Description
Homemade funfetti cupcakes are soft, fluffy, and filled with sprinkles! Topped with vanilla buttercream, you’ll love these perfect funfetti cupcakes for birthdays and celebrations!
Ingredients
Cupcakes
- 2 1/2 cups cake flour
- 1 1/2 tsp baking powder
- 1/2 tsp baking soda
- 3/4 tsp salt
- 1/2 cup unsalted butter, at room temperature
- 1 1/4 cups granulated sugar
- 2 tsp vanilla extract
- 1/2 tsp pure almond extract
- 2 large eggs, at room temperature
- 3/4 cup buttermilk, at room temperature
- 1/2 cup plain Greek yogurt, at room temperature
- 2/3 cup rainbow sprinkles
Frosting
- 1 1/2 cups unsalted butter, at room temperature
- 1/2 tsp salt
- 1 tsp vanilla extract
- 1/4 tsp pure almond extract
- 3 1/2 cups powdered sugar
- 1 Tbsp heavy cream, at room temperature
- 1 to 2 drops gel food coloring (optional)
- rainbow sprinkles, for decorating
Instructions
- Preheat oven to 350°F and line two 12-cup standard muffin pans with baking cups.
- Make cupcakes: Whisk together cake flour, baking powder, baking soda, and salt in a medium bowl. Beat butter and sugar in a large mixer bowl at medium speed until light and fluffy; beat in vanilla and almond extracts. Add eggs one at a time and beat until combined. Combine buttermilk and Greek yogurt in a small bowl. Reduce speed to low and add flour mixture in 3 additions, alternating with buttermilk mixture (begin and end with flour mixture).
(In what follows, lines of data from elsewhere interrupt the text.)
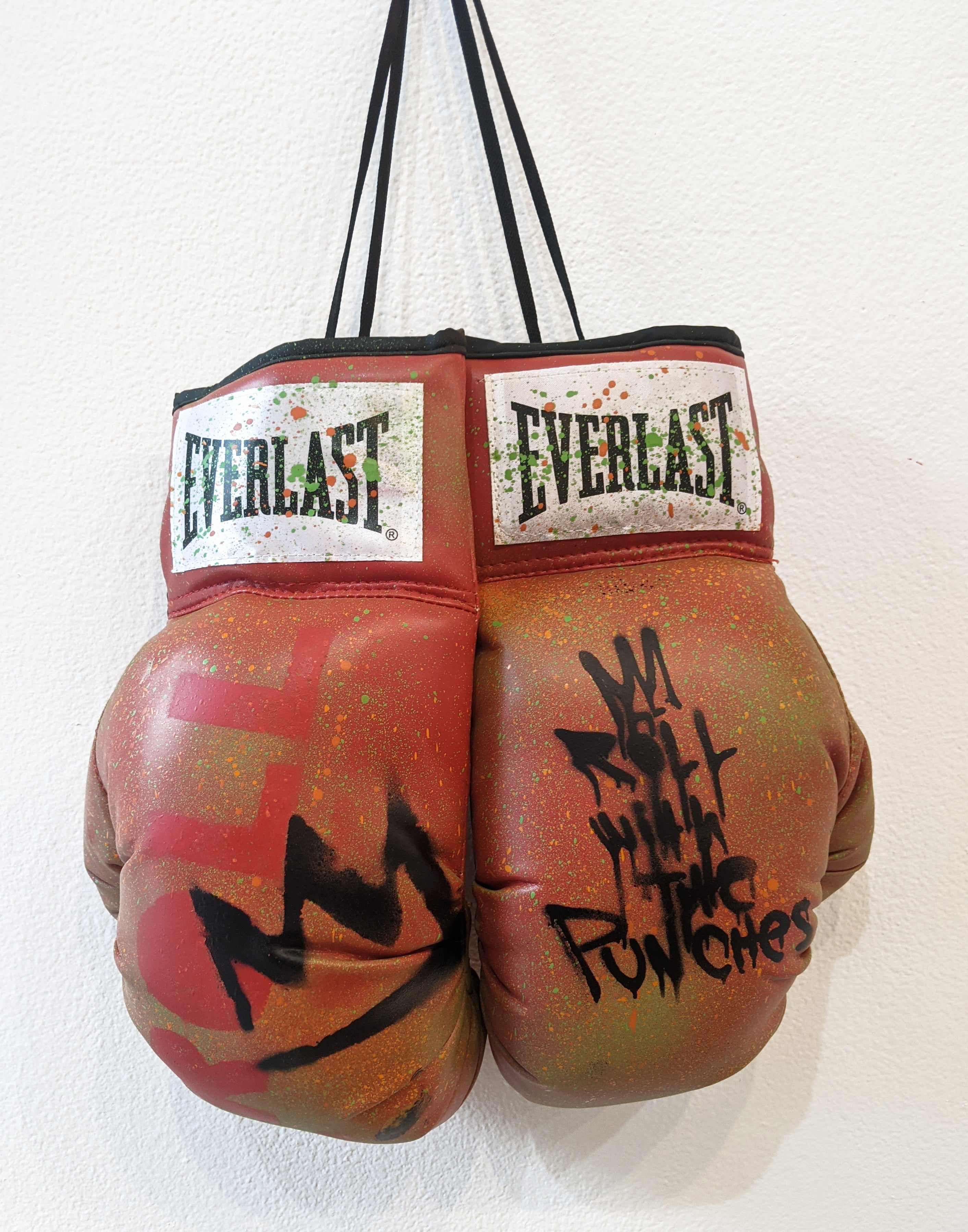 "Vintage Boxing Gloves 2" by JC Rivera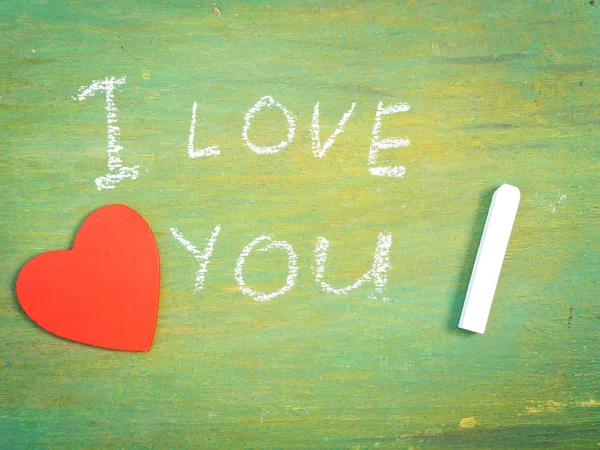 Lettering  I love you — Stock Photo, Image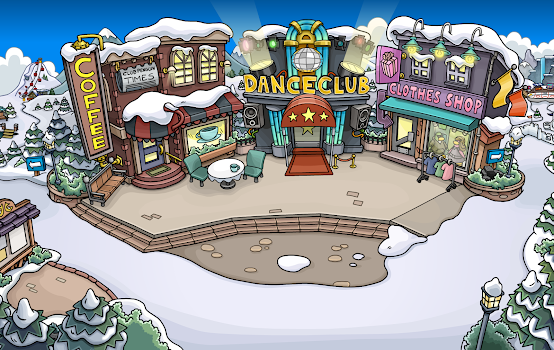 Club Penguin Rooms: The Town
Gently fold in sprinkles.
- Use a medium cookie scoop coated with nonstick spray to fill each baking cup 2/3 full of batter.
- Bake cupcakes for 19 to 22 minutes, until tops spring back to the touch and a toothpick inserted in the center comes out clean. Let cupcakes cool in pans on wire racks for 2 minutes before removing from pans to cool completely.
- Make frosting: Beat butter and salt in a large mixer bowl on medium speed until light and fluffy. Beat in vanilla and almond extracts. Gradually mix in powdered sugar on low speed until incorporated, scraping down bowl as needed. Mix in heavy cream and gel food coloring (if using). Increase speed to medium-high and beat frosting for 1 minute, until light and airy.
- Transfer frosting to a large piping bag fitted with an open star tip (Wilton 8B) and frost cupcakes. Top with sprinkles.
- Store leftover cupcakes at room temperature overnight, or covered in the refrigerator up to 3 days. Bring to room temperature before serving.
Notes
Cake Flour – For a soft and fluffy cupcakes with a fine crumb, cake flour is the secret. If you don’t have cake flour on hand, it’s easy to make your own cake flour substitute: For every cup of flour called for in a recipe, place 2 tablespoons cornstarch in an empty 1-cup measure, then top up with flour. Sift the mixture several times to evenly distribute the cornstarch and use as a substitute for 1 cup cake flour.
Vanilla and Almond Extracts – This recipe uses a mix of pure vanilla and pure almond extracts to replicate the classic funfetti flavor. You can also omit the almond extract and just use vanilla extract if you prefer – increase the vanilla to 1 tablespoon in the cupcakes and 1 1/2 teaspoons in the frosting.
Sprinkles – Rainbow sprinkles are best for funfetti cake. Use a light hand as you fold the sprinkles into the batter, and avoid using nonpareils sprinkles as they bleed color into the batter.